[Work request] The lines below, from the one containing "sin diabetes Antidiabético" through the one containing "204 Lincoln Drive, Lords", should be set down exactly, with no pictures and nothing else.

___ Supplied material

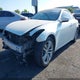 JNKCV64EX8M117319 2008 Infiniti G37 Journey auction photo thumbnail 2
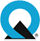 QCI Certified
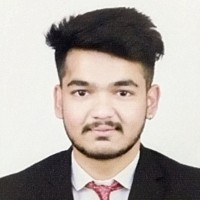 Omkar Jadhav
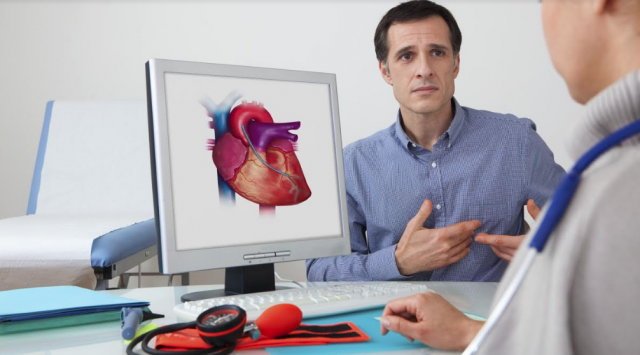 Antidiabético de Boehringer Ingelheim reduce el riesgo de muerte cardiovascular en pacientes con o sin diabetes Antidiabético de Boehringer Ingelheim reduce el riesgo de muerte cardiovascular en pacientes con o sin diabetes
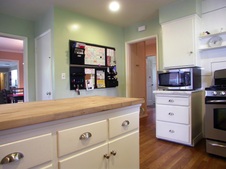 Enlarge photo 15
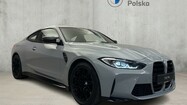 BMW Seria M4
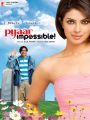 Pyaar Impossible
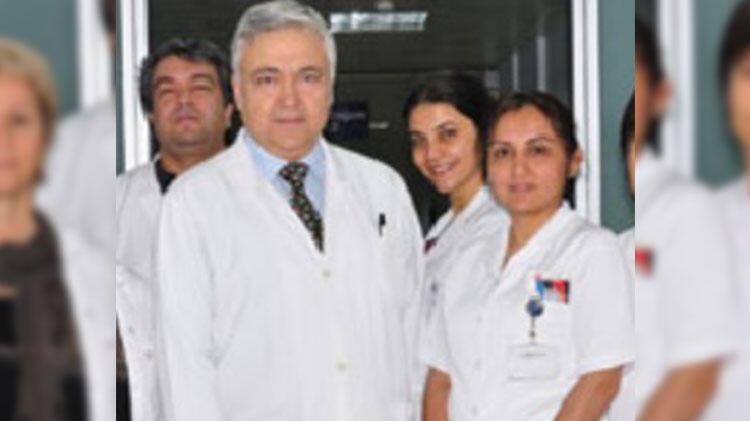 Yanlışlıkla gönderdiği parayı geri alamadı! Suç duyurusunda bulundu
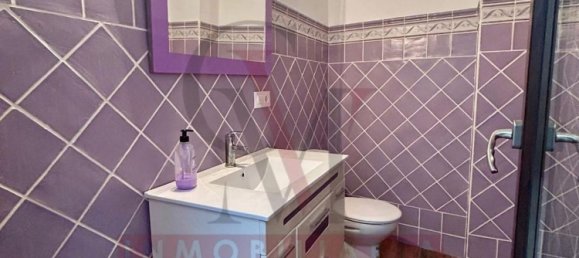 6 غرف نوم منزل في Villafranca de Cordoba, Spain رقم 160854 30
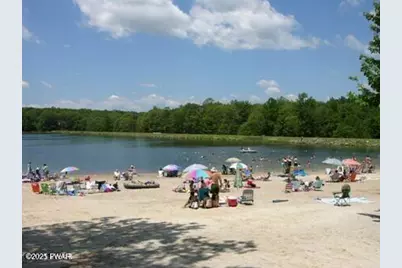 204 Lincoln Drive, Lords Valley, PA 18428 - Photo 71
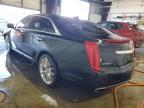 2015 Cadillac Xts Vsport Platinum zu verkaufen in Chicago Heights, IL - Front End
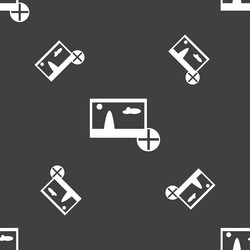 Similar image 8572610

______

[Exercise output]
 Antidiabético de Boehringer Ingelheim reduce el riesgo de muerte cardiovascular en pacientes con o sin diabetes Antidiabético de Boehringer Ingelheim reduce el riesgo de muerte cardiovascular en pacientes con o sin diabetes
 Enlarge photo 15
 BMW Seria M4
 Pyaar Impossible
 Yanlışlıkla gönderdiği parayı geri alamadı! Suç duyurusunda bulundu
 6 غرف نوم منزل في Villafranca de Cordoba, Spain رقم 160854 30
 204 Lincoln Drive, Lords Valley, PA 18428 - Photo 71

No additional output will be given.